Godddamnit i jsu woke up in oharee. My connecxtion left an hro ago. Thosse flight atttendants can DRinK
I'm okay, they said the swelling should go down in a week. But next time I'm shitwrecked, please make sure to remind me that I can't open a champagne bottle with corkscrew.
I am wasted and people are fist pumping. This should not happen on the west coast.
Yeah, the furnace guy just pulled out 4 empty and 1 full beer bottle from the vent. You are no longer allowed over.
Why do I have flashes of a dark shed in my memory?
Because we had sex in one.
He texted me for a bootycall at 2:00am so I rolled outta bed and shaved my legs but then he decided he wasn't coming over...he lost his bootycall privileges
i just got drunk dialed and its 10am. clearly finals are over.
Woke up chewing my pillow from a dream where I was scarfing Cajun pasta from TGI Friday's. That's a new level of fat, even for us
I literally just wielded a katana to save a child's life. What did you do today?
Everything was yummy and fruit flavored and five alive and happymeas.

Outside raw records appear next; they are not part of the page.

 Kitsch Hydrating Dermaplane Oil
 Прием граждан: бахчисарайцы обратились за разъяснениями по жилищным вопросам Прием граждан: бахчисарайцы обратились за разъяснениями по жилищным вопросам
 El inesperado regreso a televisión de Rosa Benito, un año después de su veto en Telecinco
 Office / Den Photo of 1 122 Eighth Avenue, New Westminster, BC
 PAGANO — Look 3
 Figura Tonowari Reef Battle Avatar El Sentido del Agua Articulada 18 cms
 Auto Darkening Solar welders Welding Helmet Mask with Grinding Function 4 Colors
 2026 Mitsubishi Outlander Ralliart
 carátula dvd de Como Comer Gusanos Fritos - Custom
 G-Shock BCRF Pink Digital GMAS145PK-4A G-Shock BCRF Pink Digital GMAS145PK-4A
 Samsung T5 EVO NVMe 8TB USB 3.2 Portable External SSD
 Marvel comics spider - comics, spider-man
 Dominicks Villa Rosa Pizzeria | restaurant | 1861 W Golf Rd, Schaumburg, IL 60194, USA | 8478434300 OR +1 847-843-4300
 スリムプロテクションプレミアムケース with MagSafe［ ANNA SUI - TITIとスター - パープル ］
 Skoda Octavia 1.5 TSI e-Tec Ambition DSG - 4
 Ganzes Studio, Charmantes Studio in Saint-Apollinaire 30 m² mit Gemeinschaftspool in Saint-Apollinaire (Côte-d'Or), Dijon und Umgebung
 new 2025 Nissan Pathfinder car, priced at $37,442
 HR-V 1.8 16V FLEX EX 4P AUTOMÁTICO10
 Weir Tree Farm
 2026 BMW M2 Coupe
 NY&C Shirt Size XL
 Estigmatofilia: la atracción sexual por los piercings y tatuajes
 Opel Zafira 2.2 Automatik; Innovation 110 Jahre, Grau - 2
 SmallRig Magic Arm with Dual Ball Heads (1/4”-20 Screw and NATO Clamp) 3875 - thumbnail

Tell me again why I left before the topless cake fight
there's a drunk hobo under the bridge wearing a jester hat and screaming at women
I am thankful for thumbs.
Because without thumbs, we would be dolphins.
Land dolphins.
What the hell do you do when your fuck buddy leaves to go for a piss naked and 20 minutes later hasn't come back and can't be found anywhere in the house or outside but has left his phone, tee shirt and shoes in your bedroom.
I don't think there is a pre defined social etiquette for a lost naked fuck buddy now roaming the streets.
Didn't know my clit could produce that many orgasms in one night. Fuck my husband; think I might have to become a lesbian.